Josué fit longtemps la guerre à tous ces rois.
19 Er was geen stad, die vrede maakte met de kinderen Israels, behalve de Hevieten, inwoners van Gibeon; zij namen ze allen in door krijg.
Il n'y eut pas une seule ville qui fit la paix avec les enfants d'Israël, sauf les Hivvites, habitants de Gabaon. Ils les prirent tous dans la bataille.
20 Want het was van den HEERE, hun harten te verstokken, dat zij Israel met oorlog tegemoet gingen, opdat hij hen verbannen zoude, dat hun geen genade geschiedde, maar opdat hij hen verdelgen zoude, gelijk als de HEERE Mozes geboden had.
Car c'était la volonté de l'Éternel d'endurcir leur cœur, de venir contre Israël dans la bataille, pour les dévaster, pour qu'ils n'aient aucune faveur, mais pour les détruire, comme l'Éternel l'avait ordonné à Moïse.
21 Te dier tijde nu kwam Jozua, en roeide de Enakieten uit, van het gebergte, van Hebron, van Debir, van Anab, en van het ganse gebergte van Juda, en van het ganse gebergte van Israel; Jozua verbande hen met hun steden.
Josué arriva en ce temps-là, et il extermina les Anakim de la montagne, d'Hébron, de Debir, d'Anab, de toute la montagne de Juda et de toute la montagne d'Israël. Josué les dévoua par interdit, avec leurs villes.
22 Er bleef niemand van de Enakieten over in het land der kinderen Israels; alleenlijk bleven zij over te Gaza, te Gath, en te Asdod.
Il ne resta aucun des Anakim dans le pays des enfants d'Israël. Il en resta seulement à Gaza, à Gath et à Asdod.

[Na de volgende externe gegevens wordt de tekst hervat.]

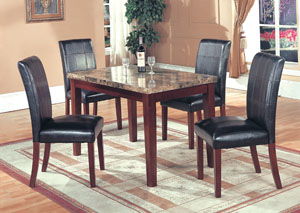 Image for Marble & Espresso Small Table & 4 Chairs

23 Alzo nam Jozua al dat land in, naar alles, wat de HEERE tot Mozes gesproken had; en Jozua gaf het Israel ten erve, naar hun afdelingen, naar hun stammen. En het land rustte van den krijg.
Josué prit tout le pays, selon tout ce que l'Éternel avait dit à Moïse, et il le donna en héritage à Israël, selon ses tribus. Et le pays fut en repos de la guerre.